(Records from a dataset)
* * *

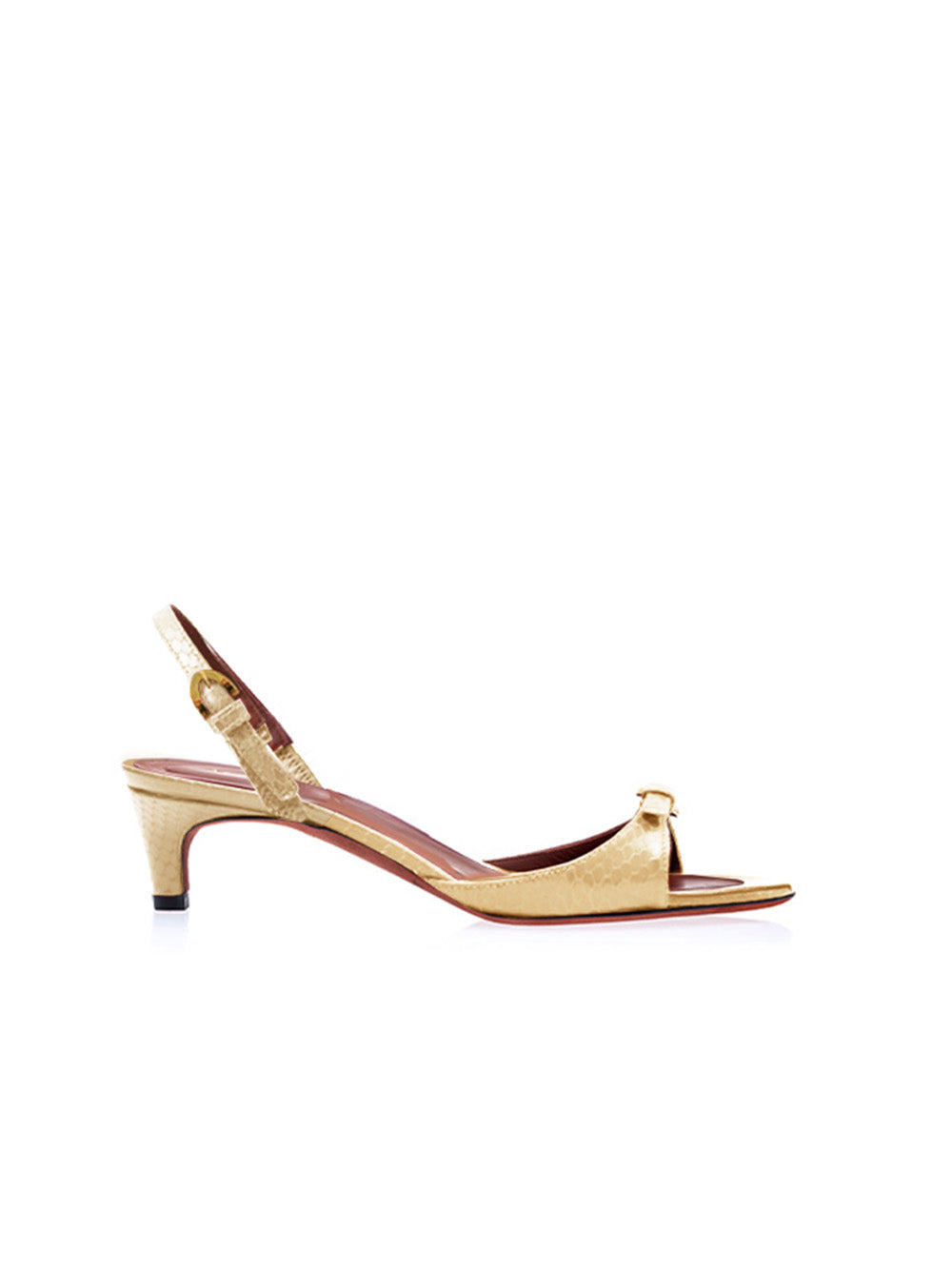 LA CAPRICCIOSA SNAKE BUTTER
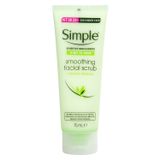  Simple - Tẩy Tế Bào Chết Simple Kind To Skin Soothing Facial Scrub 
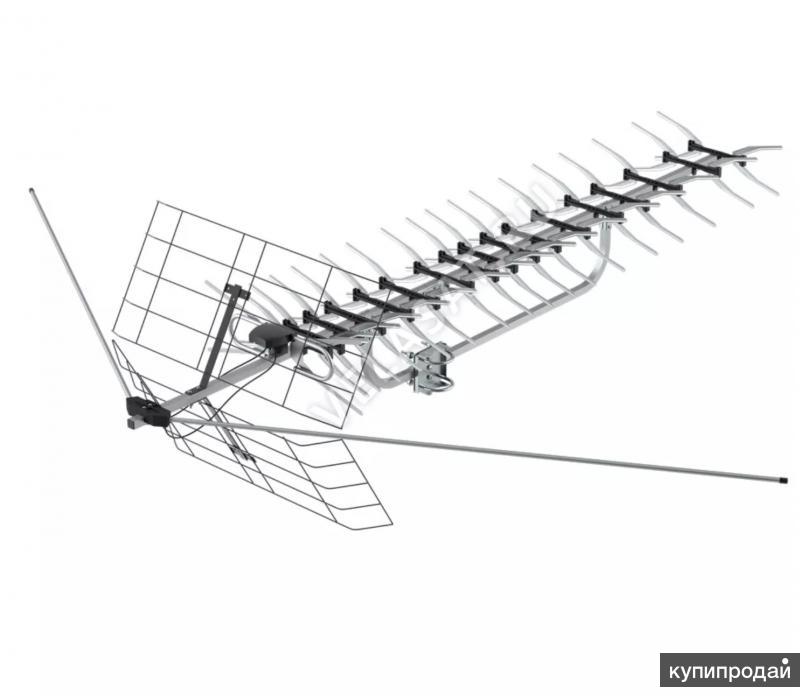 Купить Антенну Для Дачи На Озон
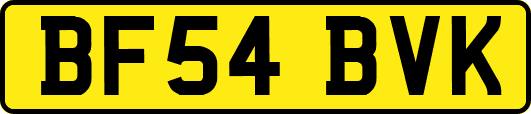 BF54BVK
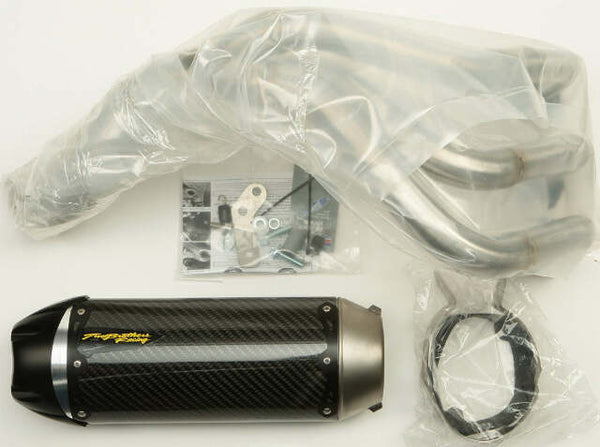 TBR S1R FJ-09 '15 FULL SYS CF 005-4170105-S1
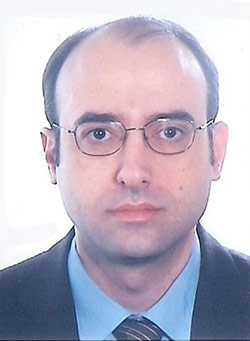 Dr. Hussam Ali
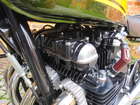 1972 Kawasaki Z1 903cc-Sold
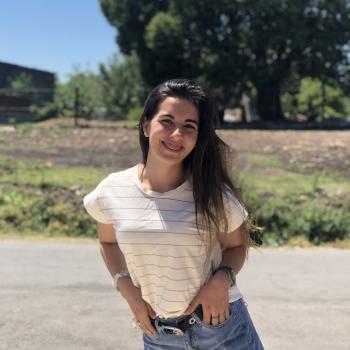 Babysitter in Tala: Adriana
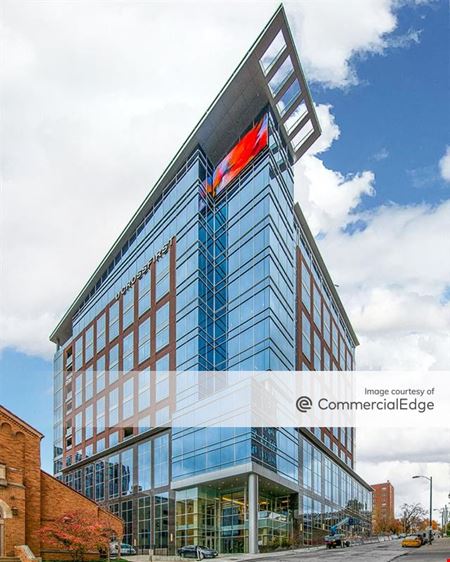 Office space for Rent at 46 Penn Centre in Kansas City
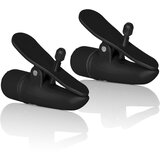 California Exotics Nipple Play Nipplettes Black Cene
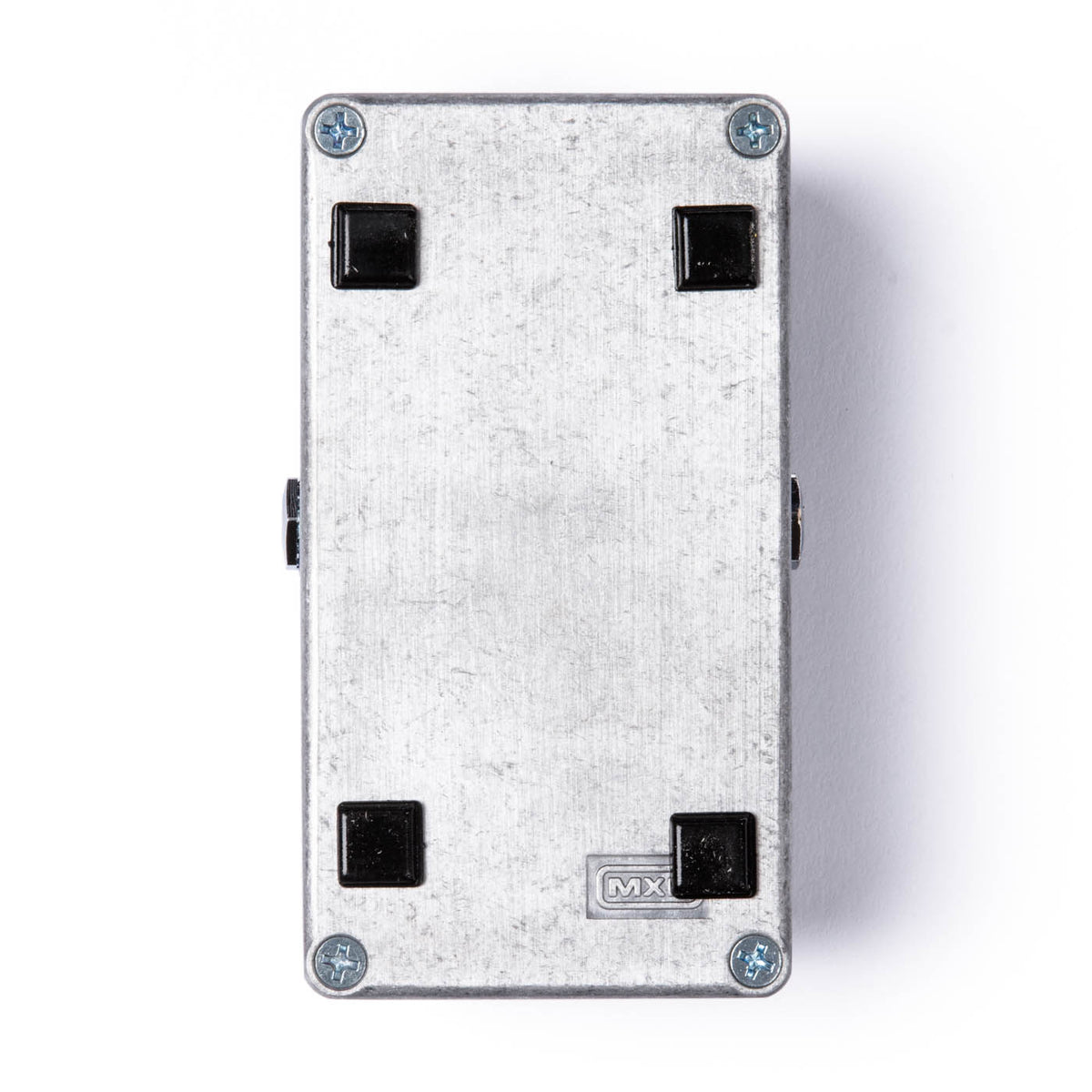 MXR M116 Fullbore Metal Distortion Pedal 5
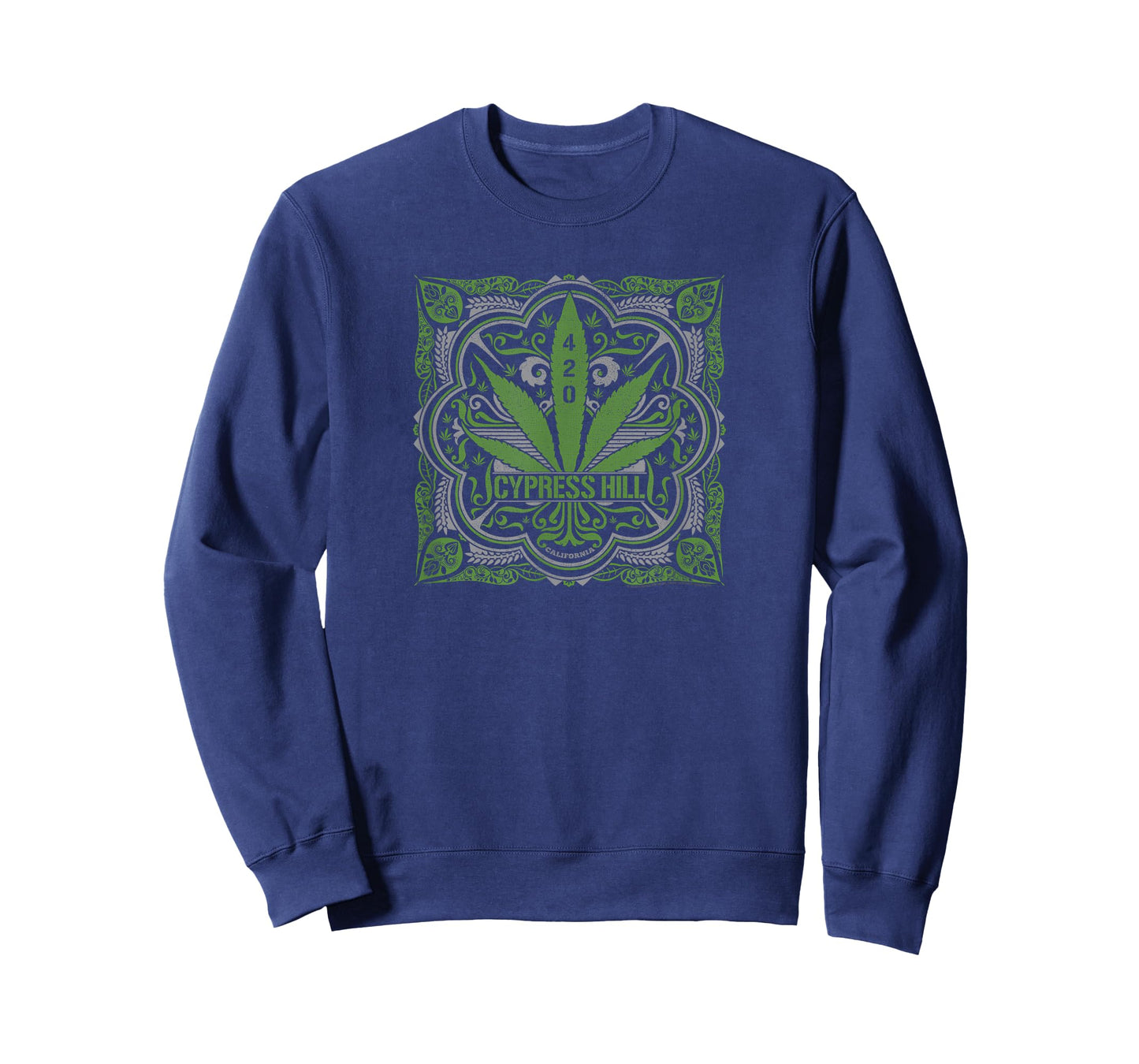 Cypress Hill - Dr. Greenthumb T-Shirt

* * *

▸ **Required work**
Restate, word for word, each line from the line containing "Simple - Tẩy" through the end of the entries above; the pictures are not part of the copy.

▸ **Exercise output**
  Simple - Tẩy Tế Bào Chết Simple Kind To Skin Soothing Facial Scrub 
 Купить Антенну Для Дачи На Озон
 BF54BVK
 TBR S1R FJ-09 '15 FULL SYS CF 005-4170105-S1
 Dr. Hussam Ali
 1972 Kawasaki Z1 903cc-Sold
 Babysitter in Tala: Adriana
 Office space for Rent at 46 Penn Centre in Kansas City
 California Exotics Nipple Play Nipplettes Black Cene
 MXR M116 Fullbore Metal Distortion Pedal 5
 Cypress Hill - Dr. Greenthumb T-Shirt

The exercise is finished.